Irish Food History

Corned beef, Cabbage, Mash, and Guinness
Corned beef, Cabbage, Mash, and Guinness

Amidst the mythology of Saint Patrick’s Day, a little Irish food history to cheer you on your way — be it to stove, pub, or church.

John Linnane wrote a wonderful introduction to the history of Irish cuisine before the arrival of the potato. Here he comments on the customs of feasting, very appropriate for St. Patrick’s Day:

A feast was an occasion for great celebration and rejoicing, though it could often end in bloodshed as well if a hero thought that he wasn’t being treated with enough honour and attention. Men and women usually sat round the wall of the banqueting room with their backs to the wall, taking their places according to rank and giving the most important or influential man the senior position. The bard or storyteller was responsible for the seating agreements. The champion warrior was given the best portion of meat, and fights often took place to decide who should receive it. Particular joints of meat were reserved for certain individuals at a feast, e.g. a leg of pork for a king, a haunch for a queen, a boar’s head for a charioteer.

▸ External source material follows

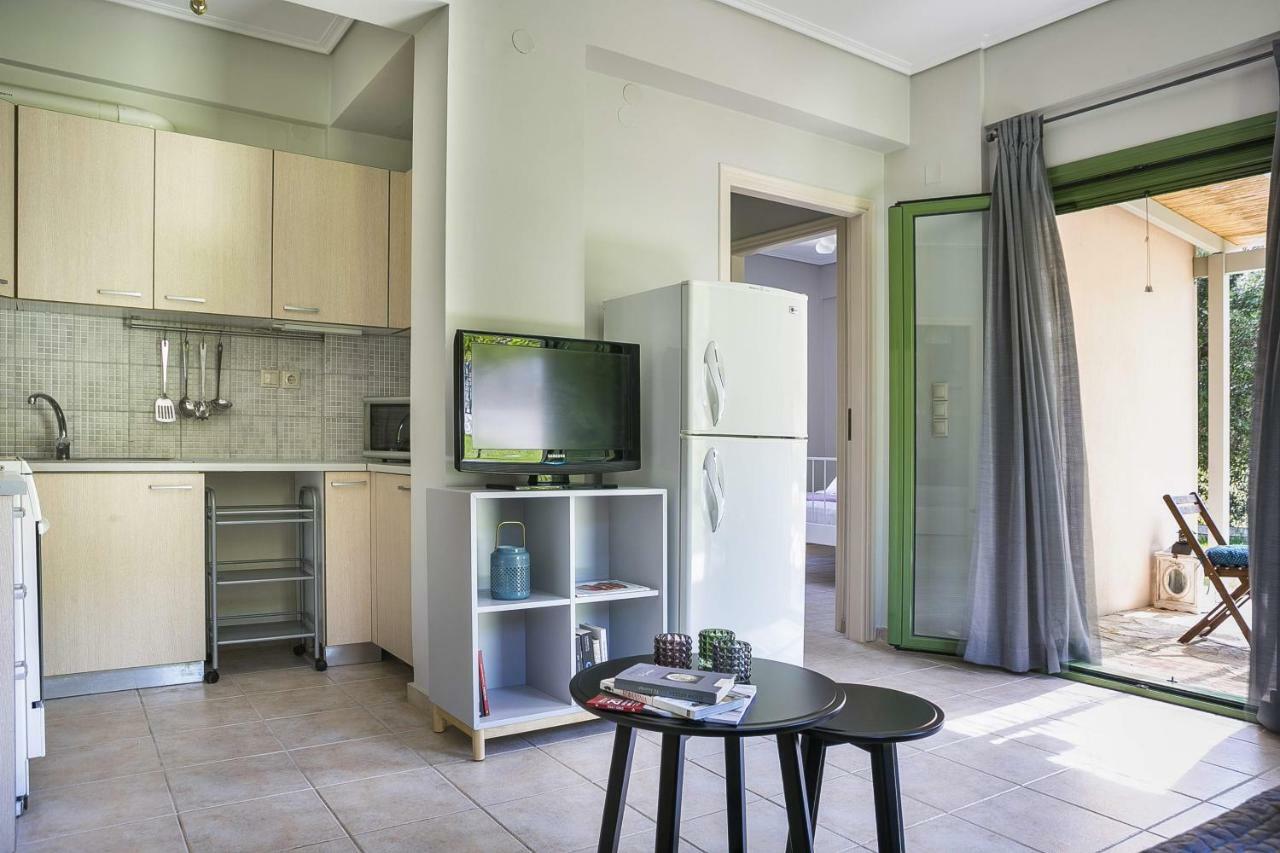 Earth Apartment Κατελειός Εξωτερικό φωτογραφία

‘The Irish banquet layout in the great hall at Tara was such, that no-man could have his back to another as a noble gesture of respect. The guests sat on cushions on the floor or on hay depending on their rank and had their meals served on wooden tables raised slightly above the ground. Their food consists of a small number of loaves of bread together with a large amount of meat, either boiled or roasted on charcoal or on spits. They partook of this in a cleanly but length-wise fashion, raising up whole limbs in both hands and cutting off the meat, while any part which is hard to tear off they cut through with a small dagger… When a large number dined together they sat around the wall with the most influential man at the top of the table, beside him sat the host and next on either sides the others in order of distinction.

The use of common cups (one cup only for each table) ensured that people could only drink a little at a time, usually only a mouthful, but the cup was passed around quite frequently for the duration of the meal.

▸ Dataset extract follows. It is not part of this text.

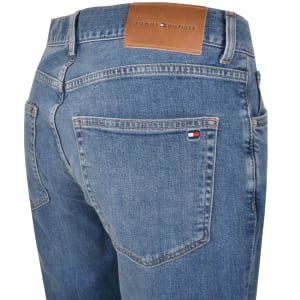 Image number 4 for Tommy Hilfiger Denton Straight Fit Jeans Blue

The Irish way of life and its cuisine continued unabated up until the coming of the Normans. Restrictions began to be placed by the conquerors on hunting and fishing this had some effect on the standard and quality of life, which continued to slowly disimprove from the 12th century onwards. Part of the problem was the division of the land up into large estates and the downgrading of the native Irish from land-owner to tenants.